Monthly Archives: November 2005

It’s November 2nd

And I haven’t started my novel for NaNoWriMo yet. It’s almost Nov. 3rd actually, so I guess tonight I have to get going.

Plus I have homework, but grades are nothing!

see yuns later.

I figure I have to write about 2000 words a day to win this thing now. Or complete the challenge, anyways. Wish me luck.

Somebody Said…

Somebody once said,

“There are two kinds of people in the world, those who walk into a room and say, ‘Okay, here I am,’ and those who walk in and say ‘Oh, there you are.'”

I saw it on a quote site, but can’t find it again, so there you are. I think it’s interesting what this says about people. Sometimes I feel like I’m one, sometimes the other. It’s impossible to put someone in either category all the time, but we are always either one or the other.

Also we have words today:

subfusc

felicity

These words are pretty opposite in their connotations, although thanks to the tv show, felicity has a certain connotation of a pretty, curly-haired, hare-brained female.

Discuss!

I think I’m going to make this a regular Wednesday thing.
“Words of Wednesday” Or “Wednesday’s Weekly Words” or something else like that.

Sonnet III

Sonnet III
On Becoming Aware of Death

Maybe it was the year the Challenger failed
on TV, maybe the year they showed the standing
man in front of the tank, his hand pale
against the olive-drab paint in the square in Beijing

and he refused to move. He’s crushed under
tread and they showed clips on the news
for a week, or maybe two, but over and over
again. These were not it, but I still had curfew

at dark, and my parents watched ABC
because they knew and trusted World News Tonight
with Peter Jennings. It was the night he
showed the men kneeling down blindfolded in line

and said something about gross images,
then black and white exploding blood and heads.

–NOTES–

Yes, it still needs work. Especially in the metrics. But it is much farther along than how it started out:

I think it was fourth grade
the year the Challenger failed
or maybe later, the man standing
in front of a tank, unmoving, slowly
crushed down under treads in Beijing.
They showed these on the news, but
these were not it. It was when,
on ABC (my parents were Jennings’ fans)
they showed the men, blindfolded, on
their knees, lined up straight, heads bowed,
hands tied, grainy black and white,
each shot in the back of the head
by his own AK-47-wielding executioner,
that I knew Death’s face.

Which not only poorly fits the form, but also makes a poor poem, being circuitous and too laden with my own realization when it is so obviously stated in the title.
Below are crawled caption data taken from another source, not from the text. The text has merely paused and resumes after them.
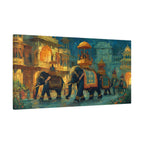 Mughal Elephant Art Print - Royal Indian Palace Procession - Statement Cultural Wall Decor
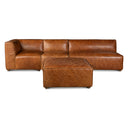 Portofino Loft 112" Sectional Sofa in Cocoa Brown Leather, view 5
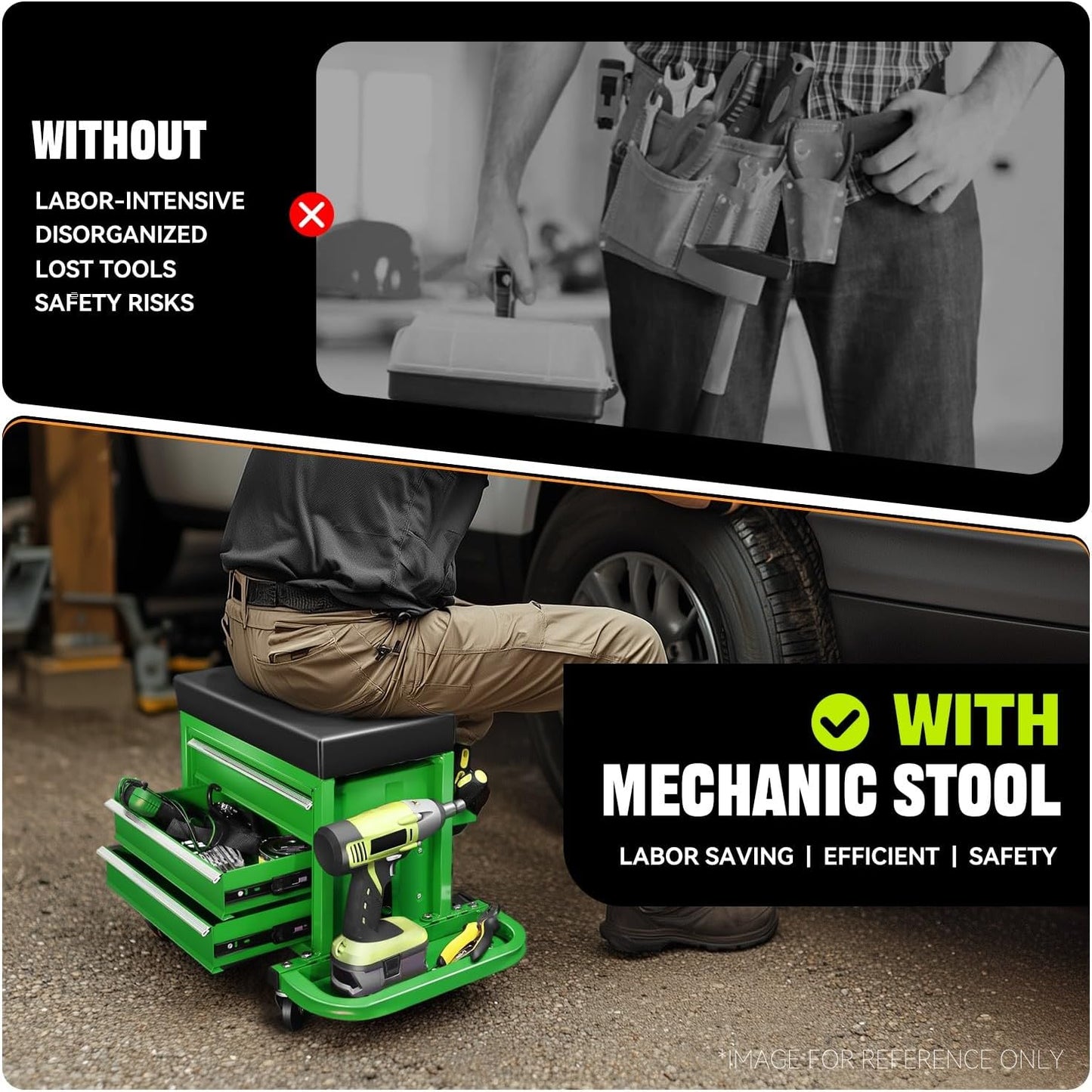 Auto Dynasty 3-Drawer Mechanic Rolling Seat, 350 LBS Capacity Roller Garage Shop Seat with Storage Tool Tray for Workshop, Repair Shop, Warehouse, Green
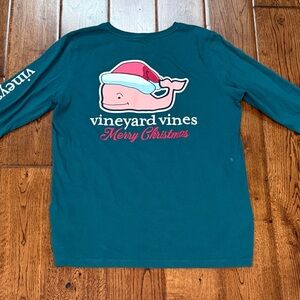 Vineyard Vines green Holiday Christmas Whale long sleeve Shirt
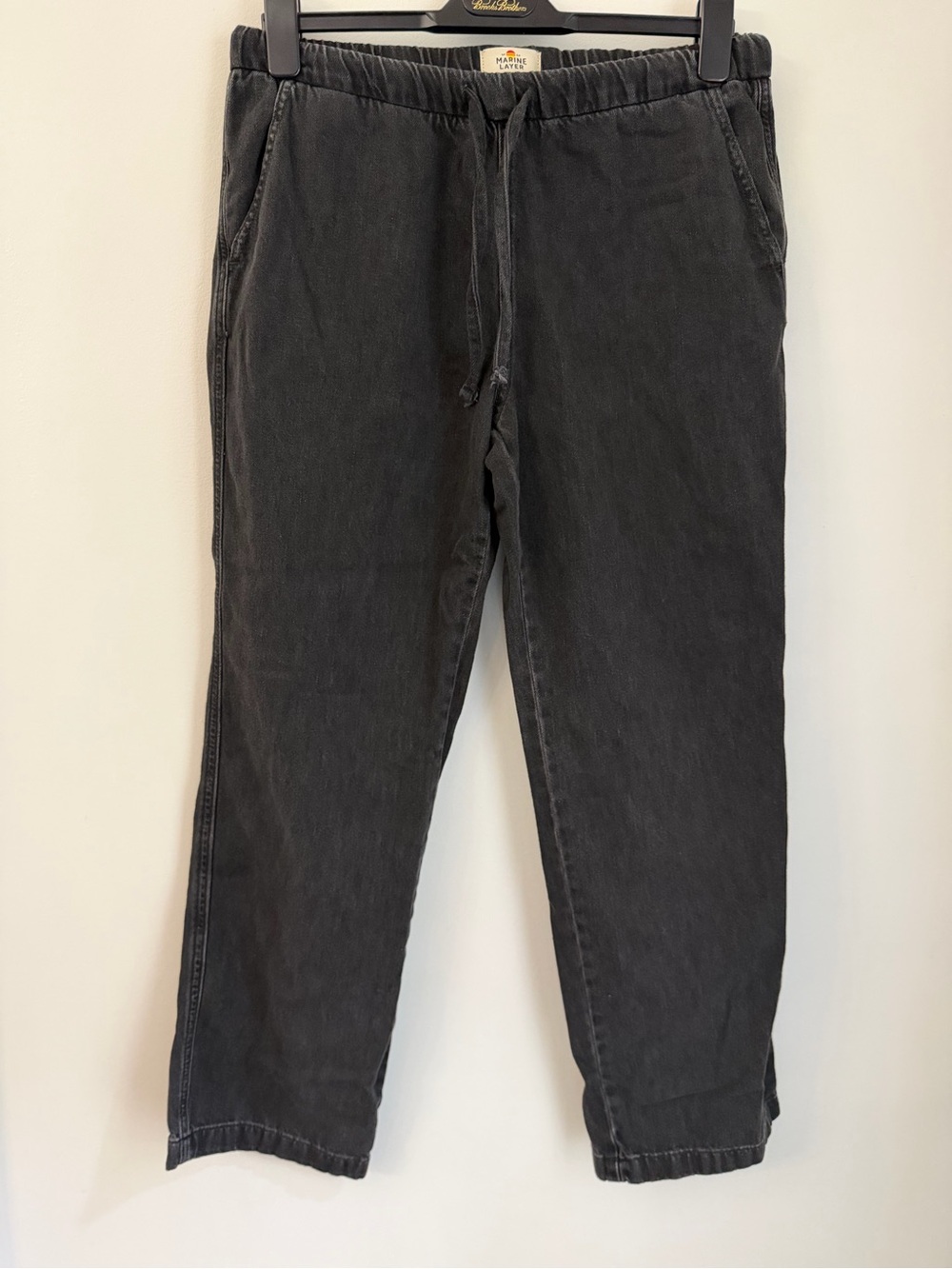 Marine Layer Saturday Beach Pant Slim Straight Faded Black Grey  Lg 18678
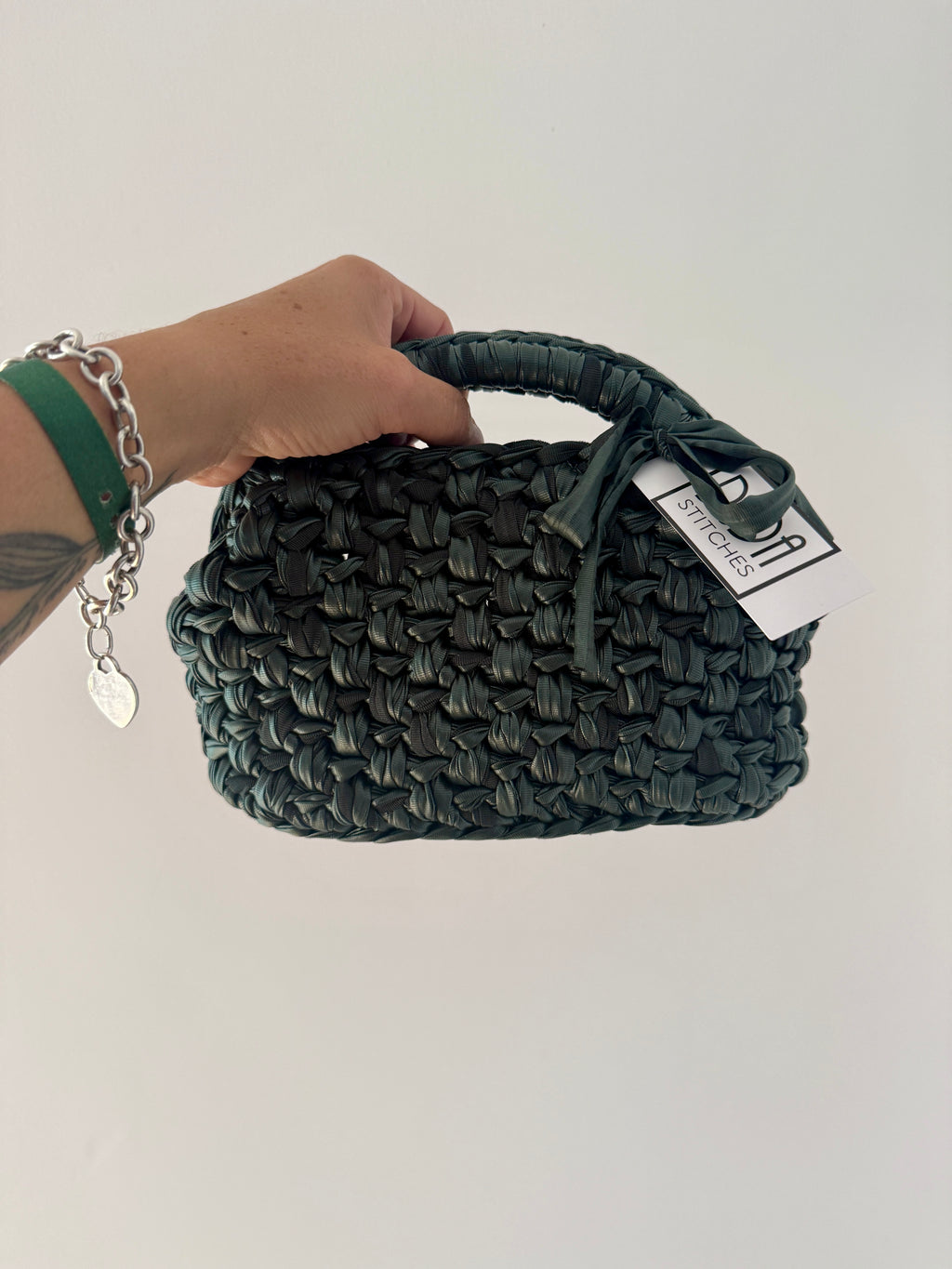 GIANDUIOTTA bag standard in ecopelle verdone con manico ad arco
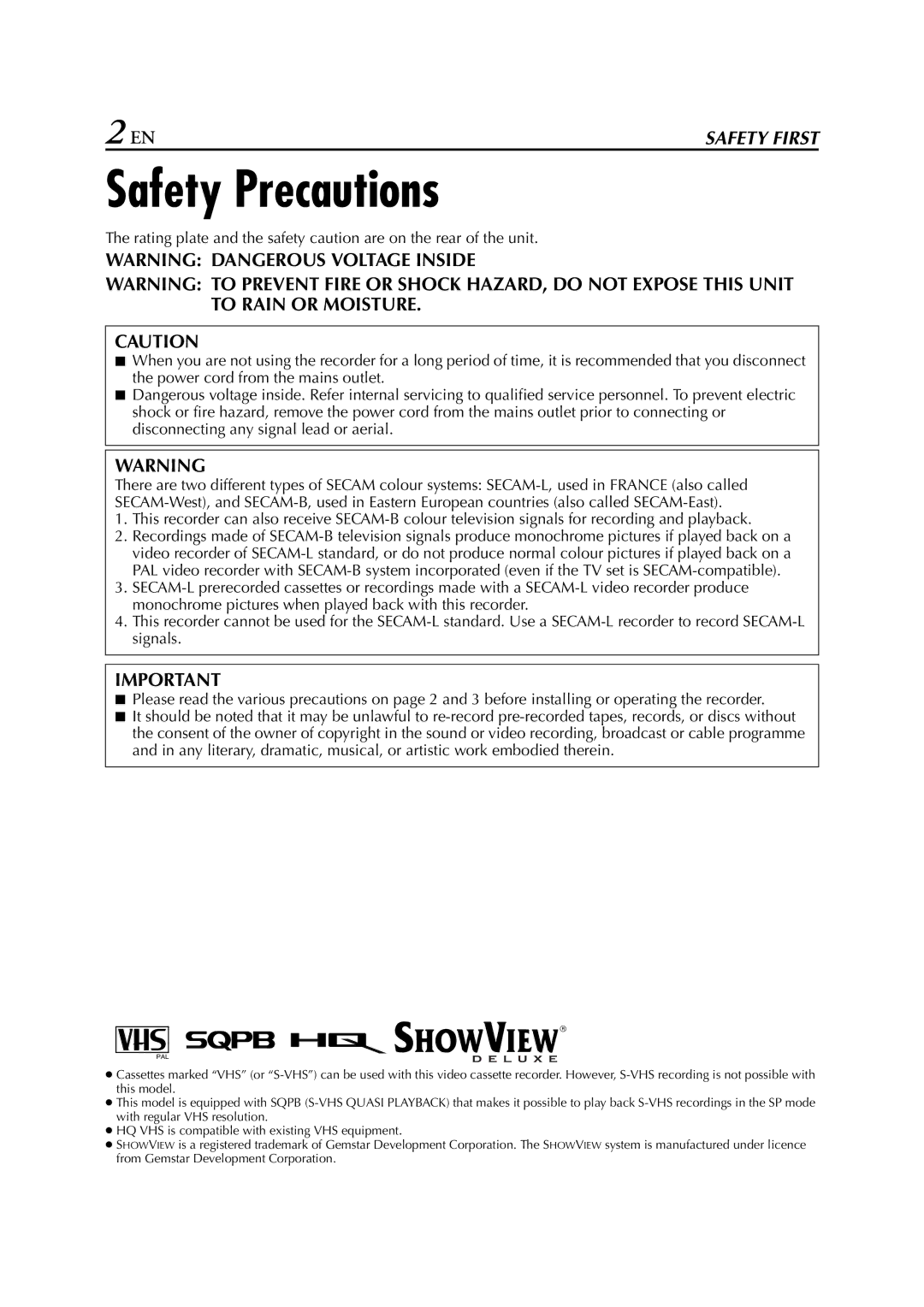 JVC HR-J680, HR-J681, HR-J682EU, HR-J587, HR-J588, HR-J589EU instruction manual Safety Precautions 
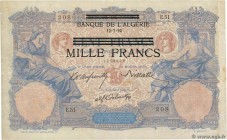 Country : TUNISIA 
Face Value : 1000 Francs sur 100 Francs 
Date : (1943) 
Period/Province/Bank : Banque de l'Algérie 
Catalogue reference : P.31 ...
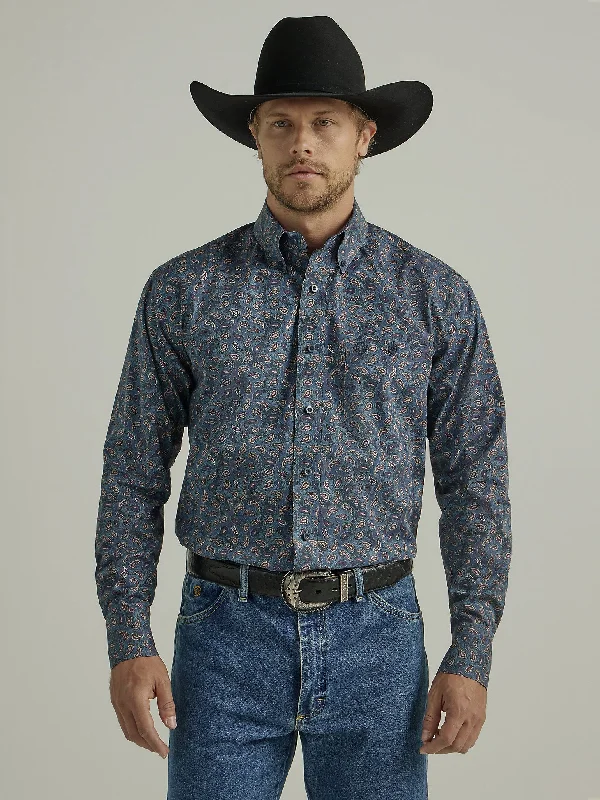 Hiking shirt vented back UV-resistant-Men's Wrangler George Strait Long Sleeve Button Down One Pocket Shirt In Navy Fuschia Paisley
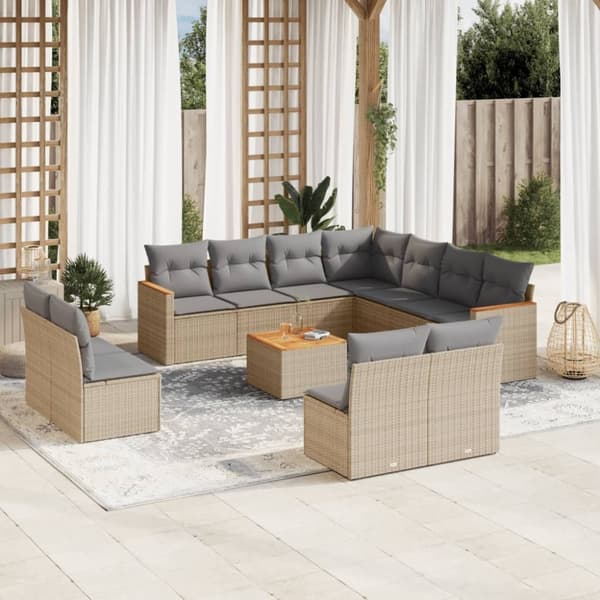 vidaXL havesofasæt 12 dele med hynder polyrattan beige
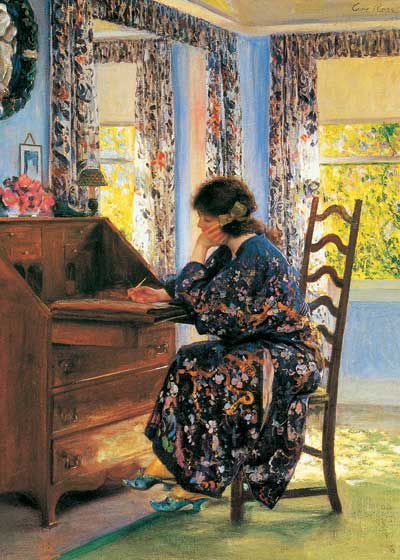 Woman Writing - Women Print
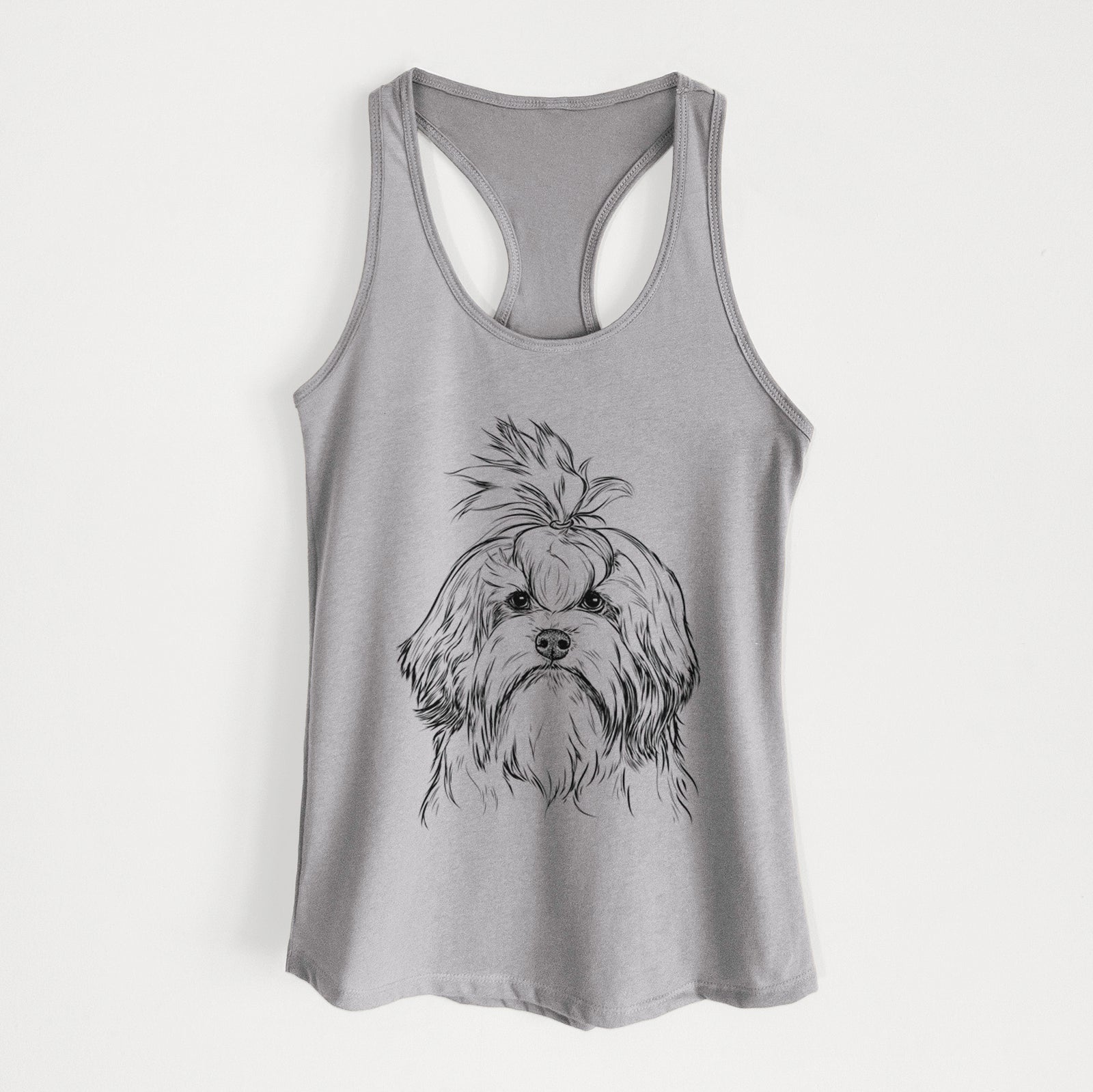 Hand-drawn sketch of Tootsie the Lowchen on a Heather Grey Women's racerback tanktop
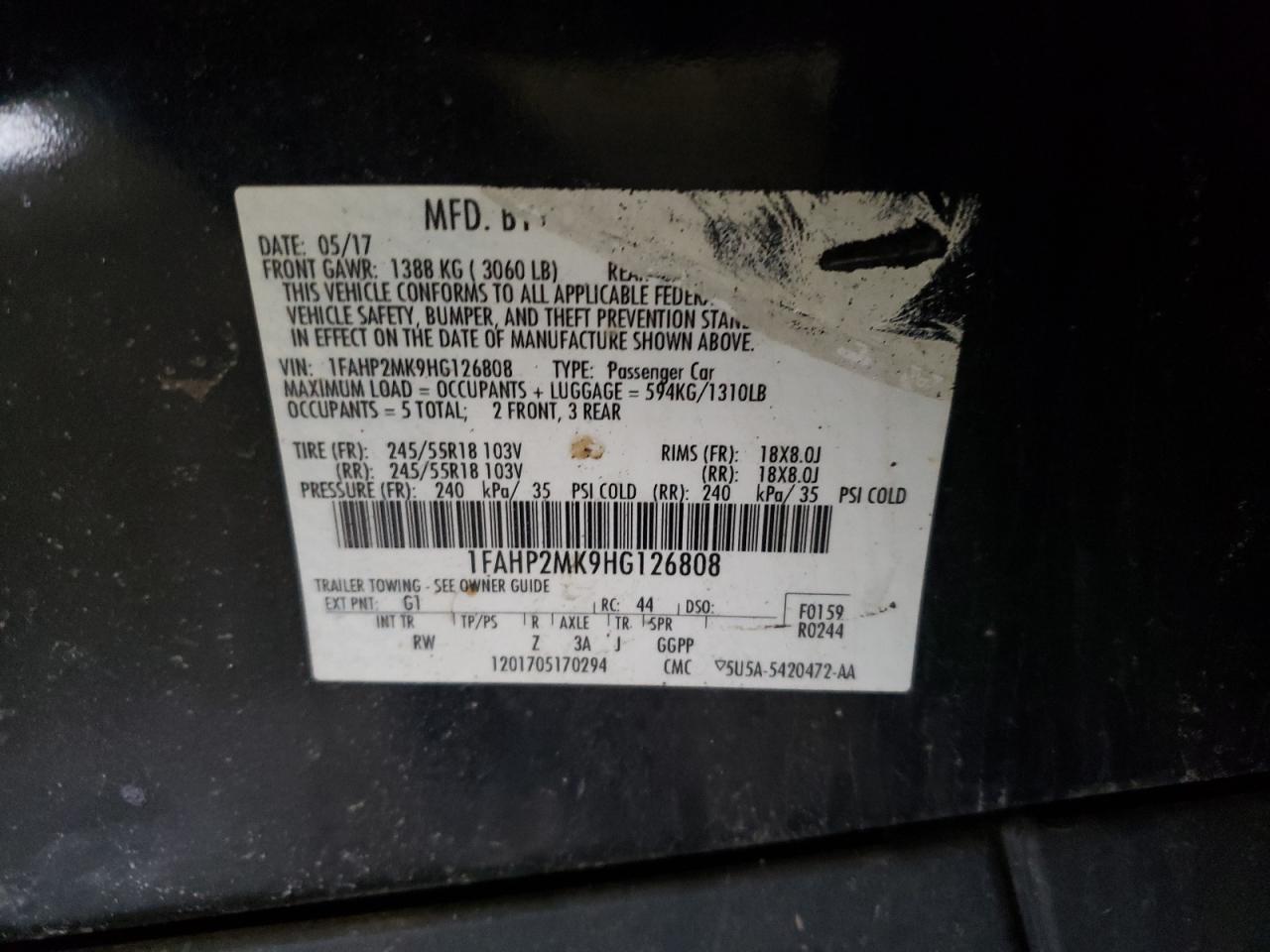 Zdjęcie 10 z aukcji – 2017 FORD TAURUS POL z VIN 1FAHP2MK9HG126808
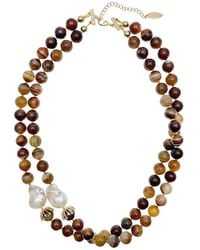 Farra - Agate With Baroque Pearls Double Layers Necklace - Lyst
Plus, ‘Death’s face’ sounds trite to me. Also, anyone who has seen these clips will recall them in detail without my forcing those details on them. The final image in the current revision is sudden and shocking, definite, while the last line of the draft is unoriginal and forgettable. That final punch is important to this poem, and reinforces the impact seeing this clip had on me. It made me throw up, all the dinner I had just finished into the toilet, and I felt sick for some time.